With yesterday’s slips back below 05-Aug’s 87.01 low, the market has rendered last week’s recovery attempt another 3-wave and thus corrective affair within the near-30% decline from 14-Jun’s 123.68 high.  This resumed slide leaves Thur’s 95.05 intra-day high in its wake as the latest smaller-degree corrective high and the new minimum level this market now needs to recoup to threaten the 2-month downtrend and expose at least an intermediate-term corrective recovery.  Per such, we’re defining this 95.05 level as our new short-term risk parameter from which shorter-term traders can objectively rebase and manage the risk of a still-advised bearish policy and exposure.
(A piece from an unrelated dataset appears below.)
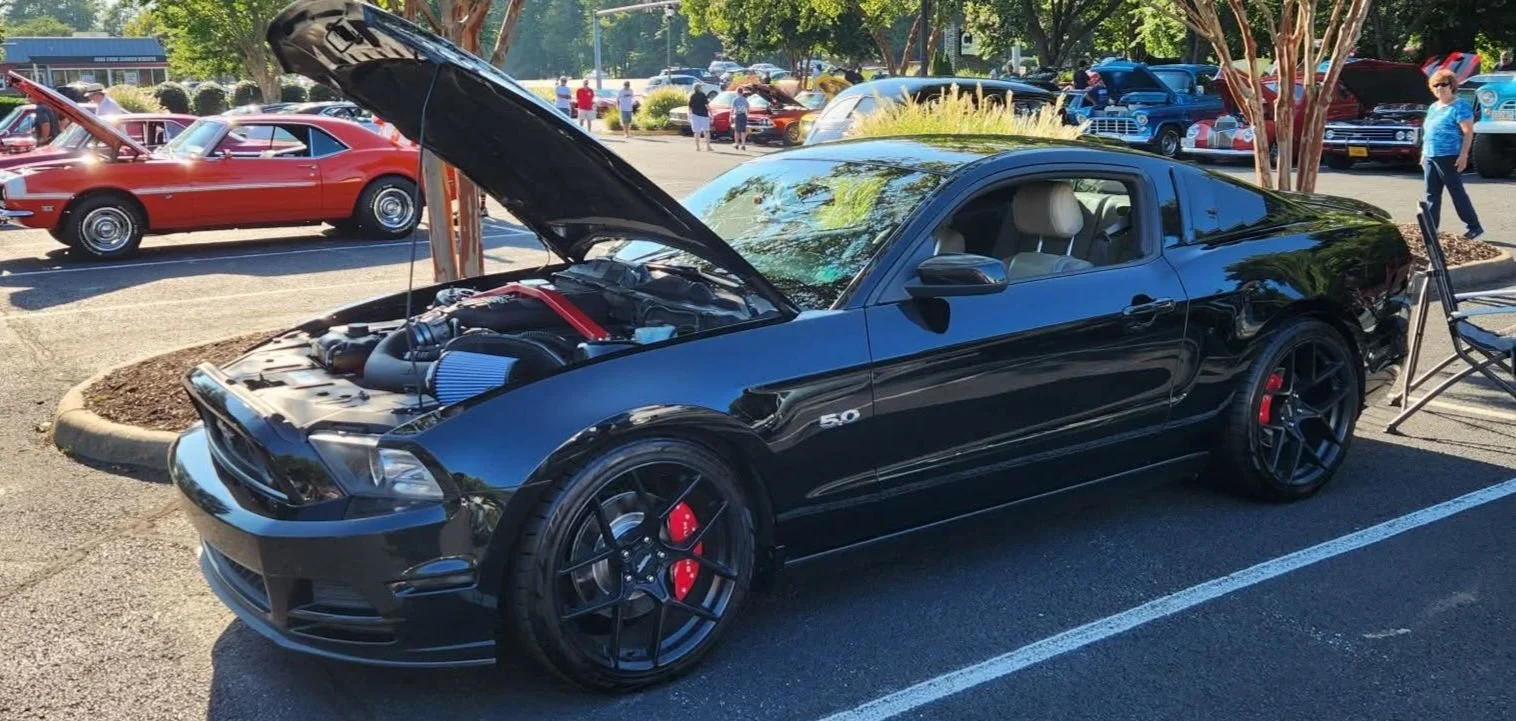 A black Ford Mustang with its hood open at a car show, showcasing its engine. The car has black wheels with red brake calipers. Other classic and vintage cars are visible in the background, and people are walking around.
On a daily basis, the POTENTIAL for a bullish divergence in momentum is clear in both the high-low chart above and close-only chart below.  An intra-day recovery above at least 95.05 and/or a close above at least 93.99 is minimally required to raise the odds of a correction.  But this would still leave the marker BELOW a ton of former price action from this year that would/could still weigh on it as a new key resistance candidate.

Indeed, the daily close-only chart below shows this market getting comfortable at levels below the 95-handle-area that supported it for FOUR MONTHS.  Herein lies the rationale for our longer-term bear risk parameters at 29-Jul’s 98.30 larger-degree corrective high close and that day’s 101.88 intra-day high.  To truly break Jun-Aug’s downtrend, these are the longer-term bearish risk parameters this market has to recoup. Once again, this emphasizes the importance of technical and trading SCALE commensurate to one’s personal risk profile in trying to navigate this market and identify risk.  We cannot objectively conclude a larger-degree corrective rebound from proof of only shorter-term strength above last Thur’s smaller-degree corrective highs.

From a long-term perspective, the factors on which our major peak/reversal count is predicated remain intact until and unless 14-Jun’s 123.68 high is taken out:

  • a confirmed bearish divergence in WEEKLY momentum (above)
  • the market’s total rejection of the upper-quarter of this market’s historical range (below) amidst
  • historically frothy sentiment/contrary opinion levels
  • a textbook complete 5-wave Elliott sequence from Aug’21’s 61.86 low weekly close that
    • spanned a virtually identical length (i.e. 1.000 progression) to Apr’20 – Jun’21’s preceding 17.18 – 75.19 5-wave rally that
    • completes a major 3-wave and thus corrective (B-Wave) rally from the 2020 low

These issues considered, a bearish policy and exposure remain advised with a recovery above 95.05 and/or a close above 93.99 required for shorter-term traders to move to the sidelines.  Commensurately larger-degree strength above 29-Jul’s 101.88 intra-day high and/or a close above 98.30 is required for longer-term commercial players to follow suit.  In lieu of such weakness, further and possibly accelerated losses remain expected.